I loved the fact that the speaker in this case was grumpy old Shammai. He understood that it was no easy thing to greet everyone cheerfully every day. However, if he could do it, then I could certainly try to learn this mitzvah.
But Adar is not always a joyful month. This Adar, Adar 5778, began with a tragedy: a young man took an assault weapon and killed 17 people in Florida. Many of them were Jews, for whom Adar is supposedly a “joyful” and “lucky” month. Unfortunately, Feb 14 and the month of Adar will never again be a time of joy for their families.
24 years ago, in Adar 5754, a Jewish physician and IDF reservist named Baruch Goldstein opened fire in the Tomb of the Patriarchs in Hebron, Israel. He murdered 29 Muslims at prayer, and wounded 125 others. His actions set off a wave of violence in the West Bank. Mainstream rabbis and politicians condemned his actions, and the State of Israel took steps to see to it that in future Muslims and Jews could both pray in peace at the holy site.
I was still very new to Talmud study when I changed my name. I knew the saying, “When Adar enters, joy increases” but I did not know the context of the saying. It is an important principle of text study to pay attention to context, never more so than in this case.
As you can see above, the line appears in Taanit, “Fasts,” the volume of Talmud having to do with days of fasting. If you look at the page on which the line about Adar appears, you will see that it comes only at the bottom of the page. What preceded it is a long list of disasters that have befallen the Jewish people during the month of Av. The line about Adar is almost an afterthought, mentioned in contrast to the horrors mentioned before it.
There is nothing magic about the month of Adar. It has the reputation of being “lucky” and “happy,” mostly from the association with Purim, but in fact bad things happen in Adar, too. So why talk about Adar as a time of joy? Is it just superstition?

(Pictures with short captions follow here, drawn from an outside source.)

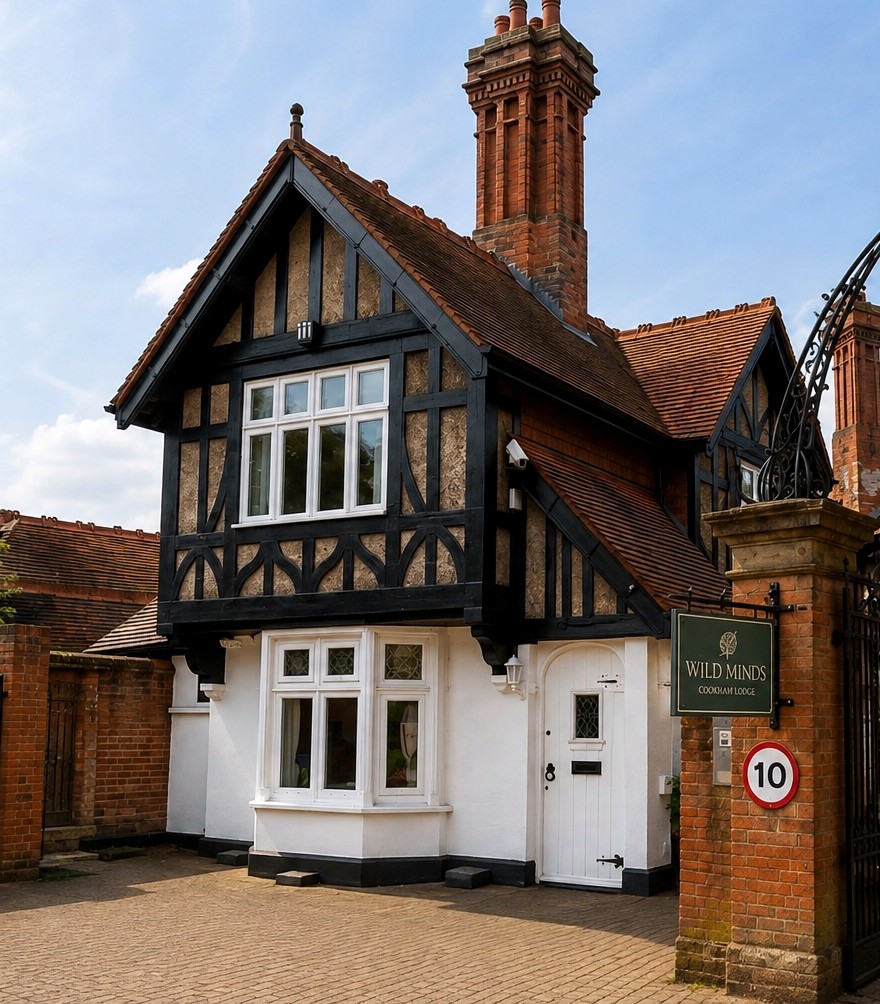 Cookham Lodge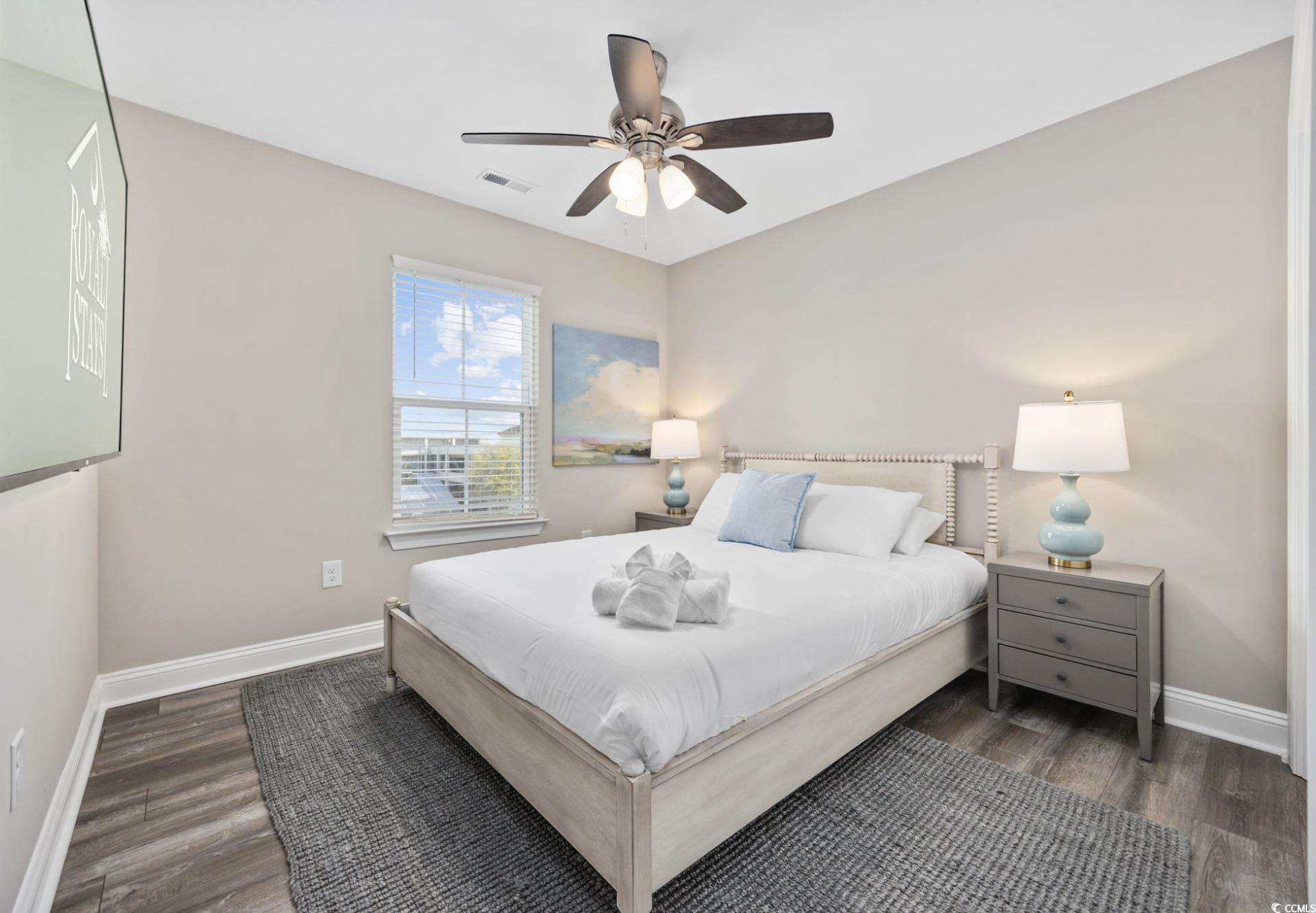 202 F Madison Court Myrtle Beach, SC 29577 - Photo 19 of 37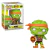 Funko Pop Retro Toys Toxic Crusaders - Toxie 140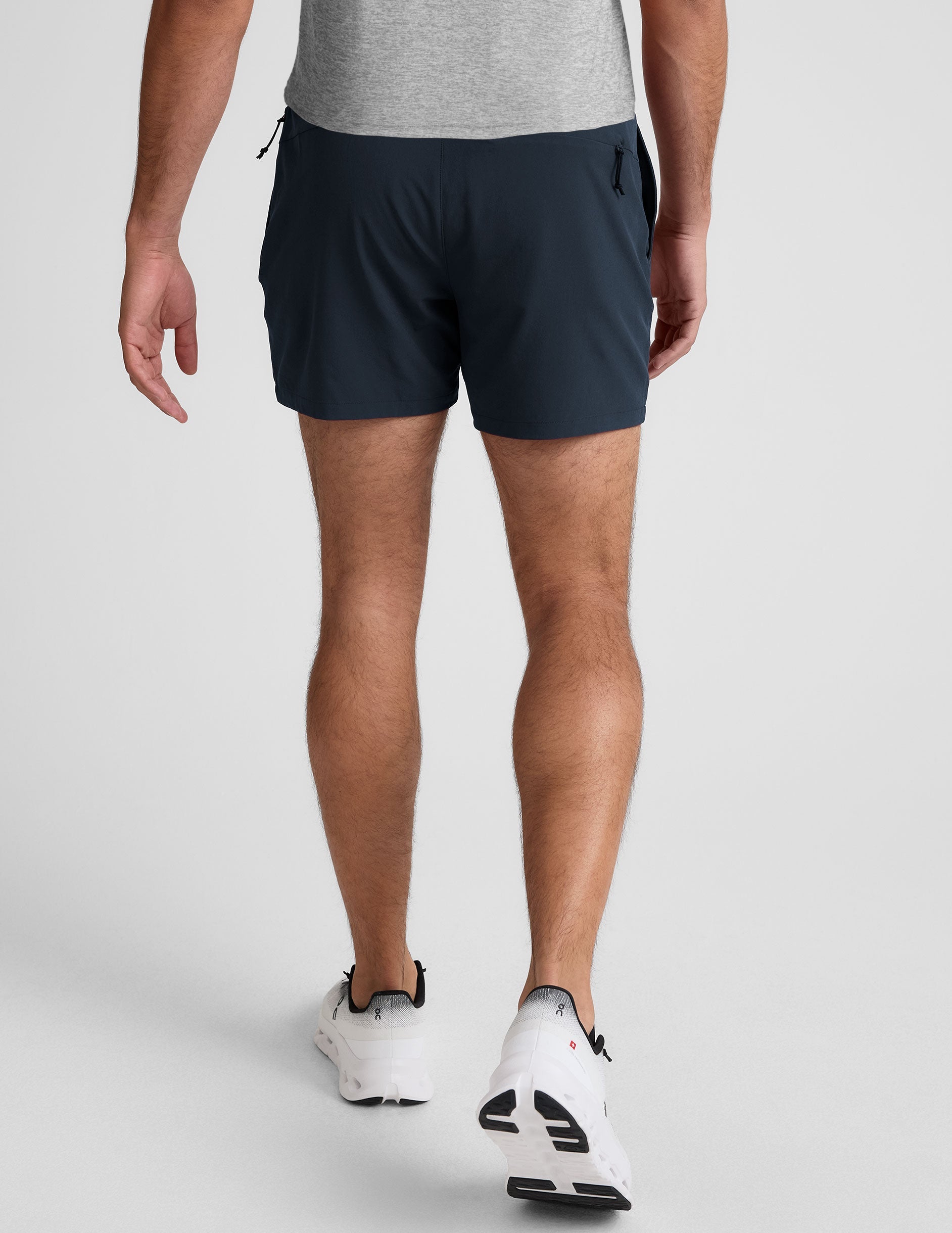 Pivotal 2.0 Men's Lined Short 5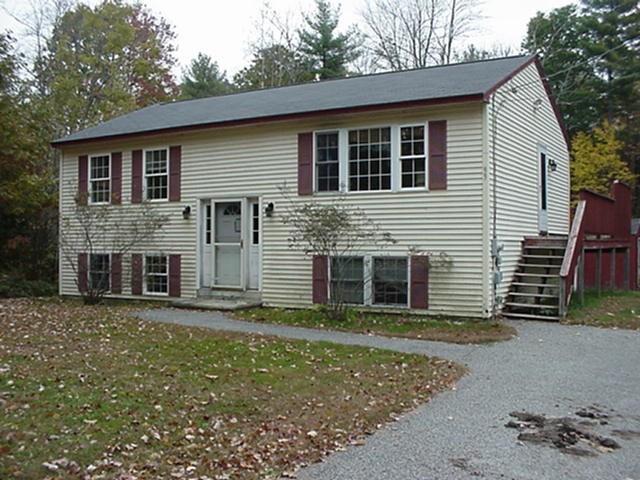 93 Sand Bar Road Windham, ME 04062 - Photo 1 of 14 Photo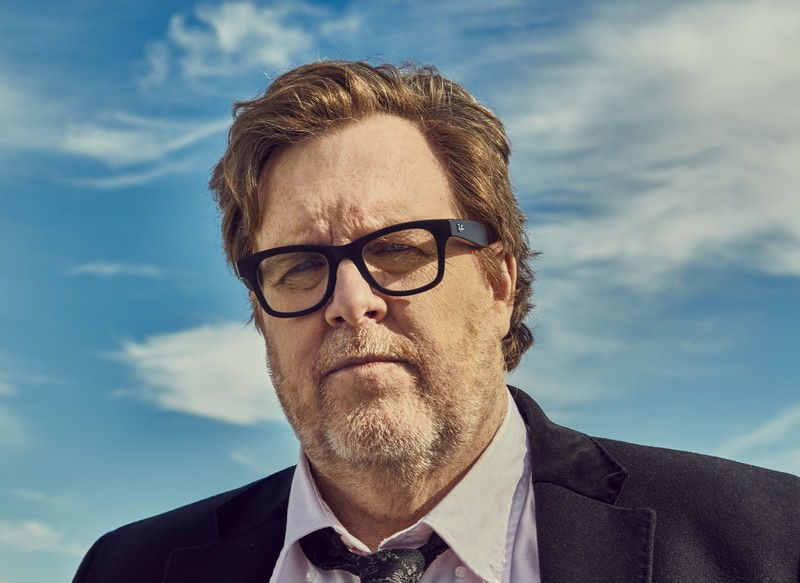 Steve Agee – Peacemaker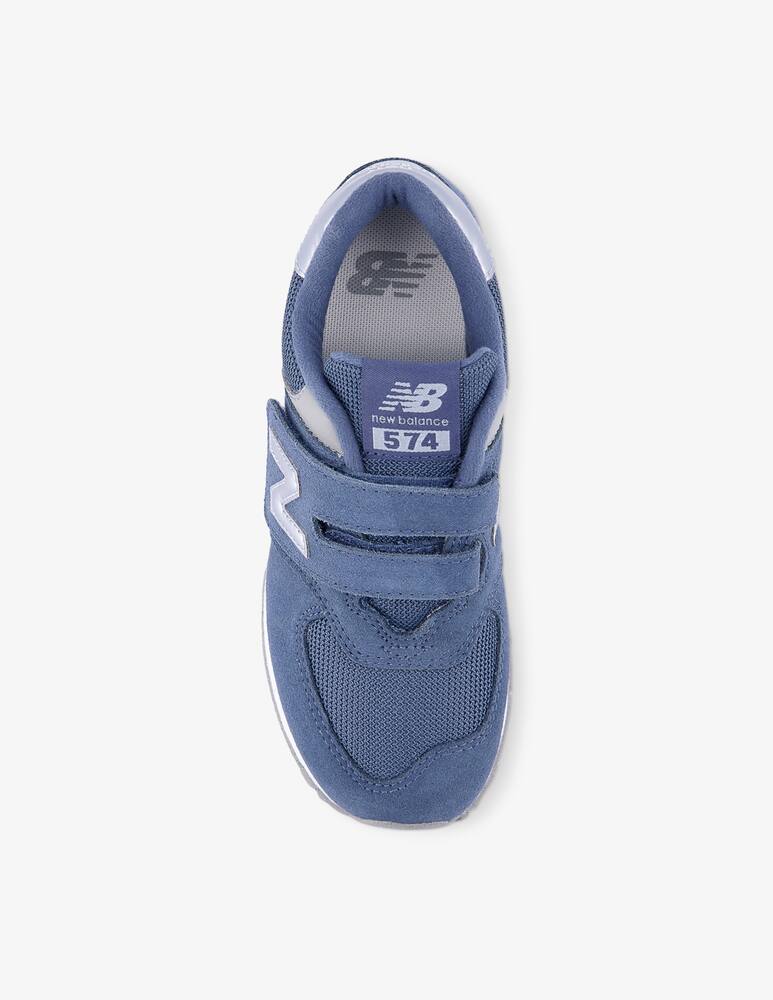 rinascente New Balance Scarpe lifestyle in pelle 574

Adar and Purim are a reminder that we are not helpless in the face of tragedy. In Esther, the Jews fought back and survived. The ninth chapter of Esther is not a pretty story – the Jews fought back hard and killed a lot of Persians. That chapter is there to remind us that fighting back is not a happy fantasy; it is mostly an ugly necessity.
The rabbis insist (at the beginning of tractate Megillah) that we must, must, must read the story every year because they wanted us to remember to stand up for ourselves in the face of evil. They wanted us to realize that Purim wasn’t a party; it was a struggle against evil, and it cost a terrible price.
This Adar, this Purim, I encourage us all to think about how we will fight back against the wave of school shootings over the past 20 years (Columbine was in April, 1999.) We are commanded in Leviticus:
לֹא־תֵלֵ֤ךְ רָכִיל֙ בְּעַמֶּ֔יךָ לֹ֥א תַעֲמֹ֖ד עַל־דַּ֣ם רֵעֶ֑ךָ אֲנִ֖י יְהוָֽה׃
Do not deal basely with your countrymen. Do not stand upon the blood of your fellow: I am the Eternal. – Leviticus 19:16
Many, many innocent children have died or been maimed by these shootings, and it is long past time that we began fighting back against them. Whatever our opinions about the Second Amendment, surely we can agree that these shootings must stop.
- If you believe that NRA lobbyists are to blame, demand that your lawmaker stop taking contributions from the NRA.
- If you believe that better security in the schools is the answer, write your lawmaker and insist that funds be allocated for security measures.
- If you believe that better mental health care is the answer, write your lawmaker and insist on free mental health care for anyone who needs it.
- If you think the above three are not good ideas, ask yourself: what am I going to do?
If you want to make a public commitment to doing something in particular, you can use the Comments section to do so.
And don’t forget the words of Shammai: “say little and do much” – talk is cheap. Insist on more than talk from public officials. We must insist on doing more than talking inside our circles of agreement: we must call, we must write, we must vote, we must show up to make our point. Social media is a means, not an end to action.
Purim is not just a children’s party. Listen to its call and take action! Take action so that in future there might be joy.